Beginner's Tutorial: Creating a Sketchpad for a Keras MNIST Model
Abubakar Abid, April 9, 2019
Gradio is a python library that makes it easy to turn your machine learning models into visual interfaces! This tutorial shows you how to do that with the "Hello World" of machine learning models: a model that we train from scratch to classify hand-written digits on the MNIST dataset. By the end, you will create an interface that allows you to draw handwritten digits and see the results of the classifier. This post comes with a companion collaboratory notebook that allows you to run the code (and embed the interface) directly in a browser window. Check out the colab notebook here.
Installing Gradio
If you haven't already installed gradio, go ahead and do so. It's super easy as long as you have Python3 already on your machine:
pip install gradio
The MNIST Dataset
The MNIST dataset consists of images of handwritten digits. We'll be training a model to classify the image into the digit written, from 0 through 9, so let's load the data.
import tensorflow as tf
(x_train, y_train),(x_test, y_test) = tf.keras.datasets.mnist.load_data()

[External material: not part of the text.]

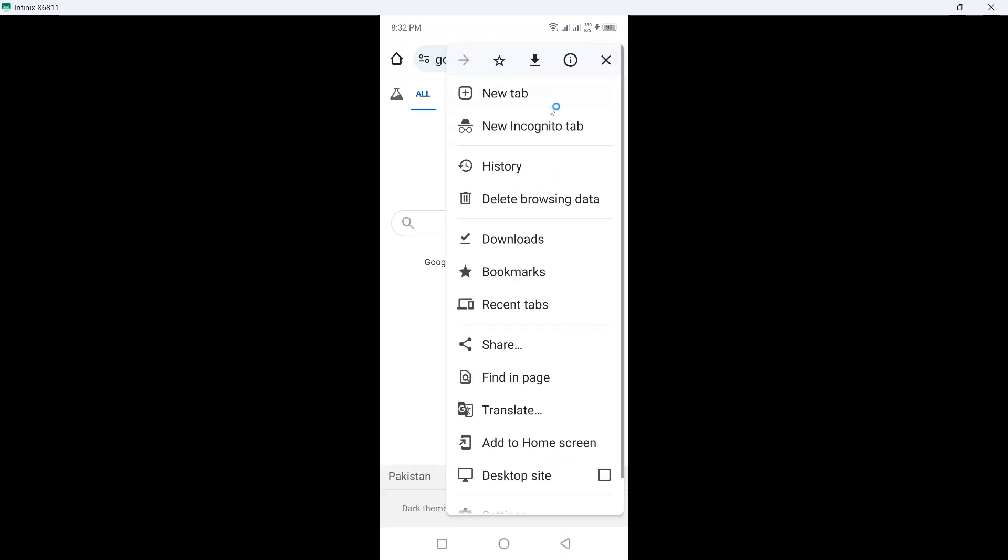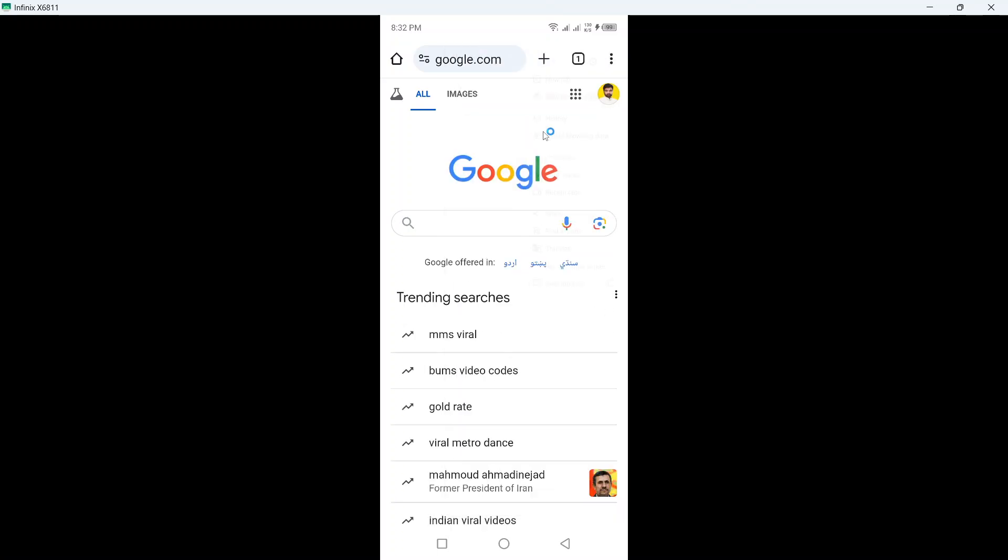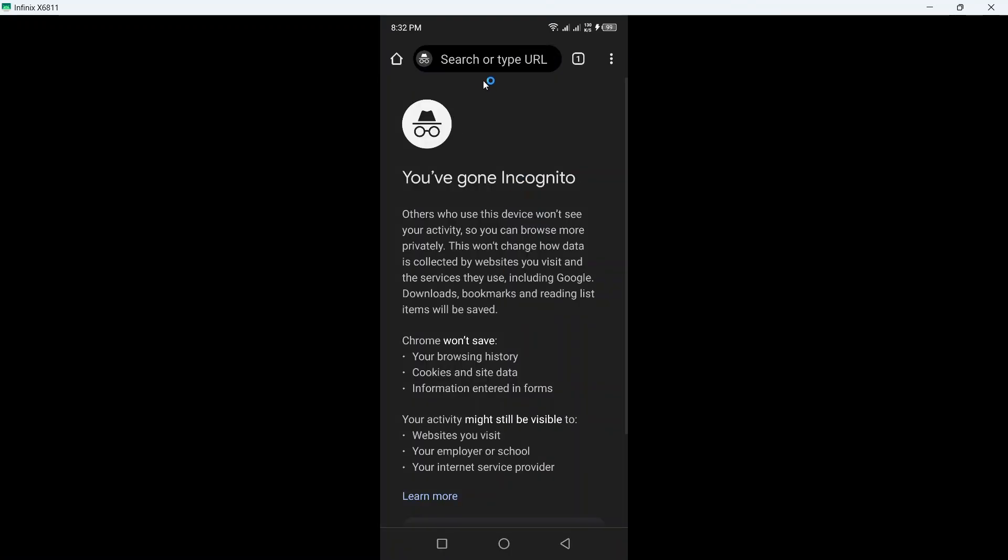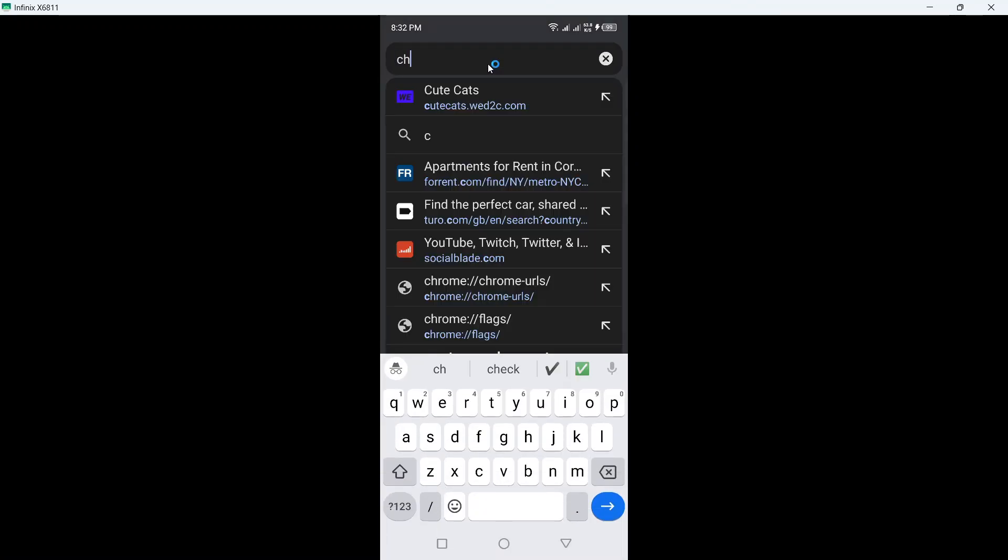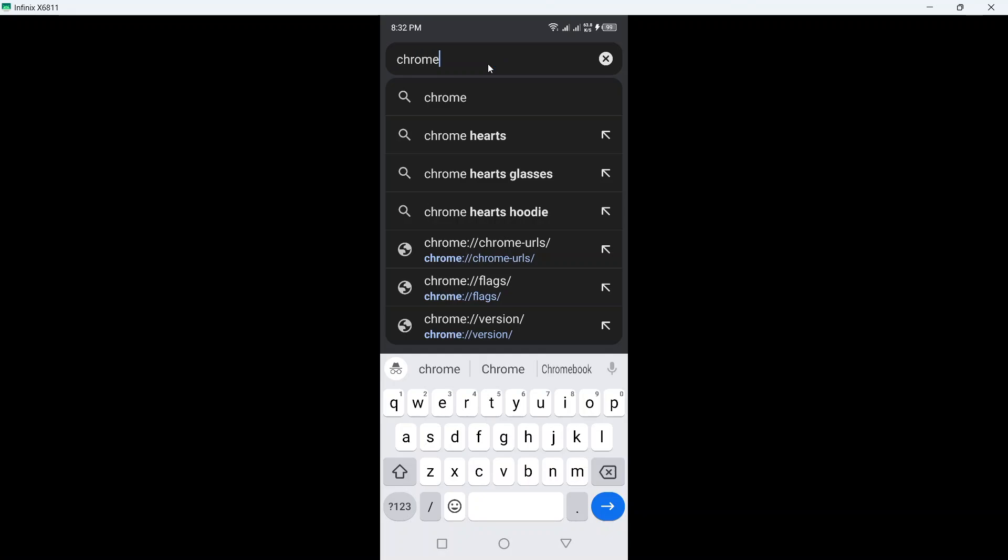So first step you need to do is to open Chrome, click on three dots and click on new incognito tab and search here Chrome.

x_train, x_test = x_train / 255.0, x_test / 255.0
Here is a sample of handwritten digits.
Training a Keras Model
By using the keras API from the tensorflow package, we can train a model in just a few lines of code. Here, we're not going to train a very complicated model -- it'll just be a fully connected neural network. Since we're not really going for record accuracies, let's just train it only for 5 epochs.
model = tf.keras.models.Sequential([
tf.keras.layers.Flatten(),
tf.keras.layers.Dense(512, activation=tf.nn.relu),
tf.keras.layers.Dropout(0.2),
tf.keras.layers.Dense(10, activation=tf.nn.softmax)
])
model.compile(optimizer='adam',
loss='sparse_categorical_crossentropy',
metrics=['accuracy'])
model.fit(x_train, y_train, epochs=1)
Launching a Gradio Interface
Now that we have our keras model trained, we'll want to actually define the interface. What's the appropriate interface to use? For the input, we can use a Sketchpad, so that users can use their cursor to create new digits and test the model (we call this process interactive inference). The output of the model is simply a label, so we will use the Label interface.
io = gradio.Interface(
inputs="sketchpad",
outputs="label",
model=model,
model_type='keras')
io.launch(inline=True, share=False)
And that's it. Try it out in the colab notebook here.
You'll notice that the interface is embedded directly in the colab notebook!